Face aux hommes de médias, il a évoqué les causes de la crise de liquidité qui se vit ces derniers temps un peu partout en Guinée.
“Les banques ont pris des mesures pour limiter le décaissement. Par exemple, un million de francs, je crois, par jour…”, déclare Ousmane Gaoual Diallo.
Ensuite, il insiste sur l’utilisation excessive d’argent liquide, qui coûte cher à l’économie car selon lui l’impression des nouveaux billets est une source de dépense dans les caisses de l’État.
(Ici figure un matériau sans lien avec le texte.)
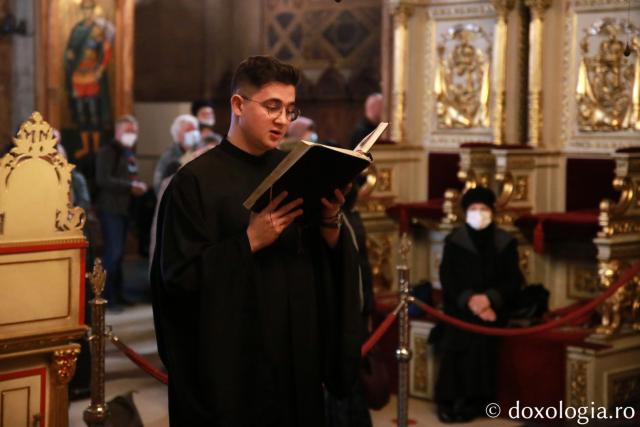 „Să primim dulceața cu care sfinții s-au împărtășit”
“Si nos habitudes ne changent pas, chaque année on va être obligé d’imprimer des biais, imprimer un biais coûte cher… Donc à chaque fois que vous payez, vous jetez ce biais, vous le gardez, vous perdez à l’économie la valeur de ce biais. Et donc ça coûte cher. On ne peut pas continuer éternellement à imprimer. Il faut de la pédagogie”, a t’il fait savoir.
Par ailleurs, il a invité la population à intégrer les transactions électroniques dans leur quotidien.
“Ça bouscule les habitudes des gens. Nous voulons inviter nos concitoyens, bien sûr, à utiliser les moyens alternatifs de transaction. Mais dans tous les pays du monde, il y a des règles de limitation de la disponibilité du cash. Sinon, on ne s’en sort pas.. Lorsqu’on veut moraliser la vie économique, lorsqu’on veut lutter contre certaines formes de détournement de déni public, de criminalité, on est obligé de contrôler le volume d’argent qu’un citoyen peut posséder”, a t’il conclu.
La crise de liquidité qui persiste dans le pays provoque des perturbations majeures dans le quotidien des populations.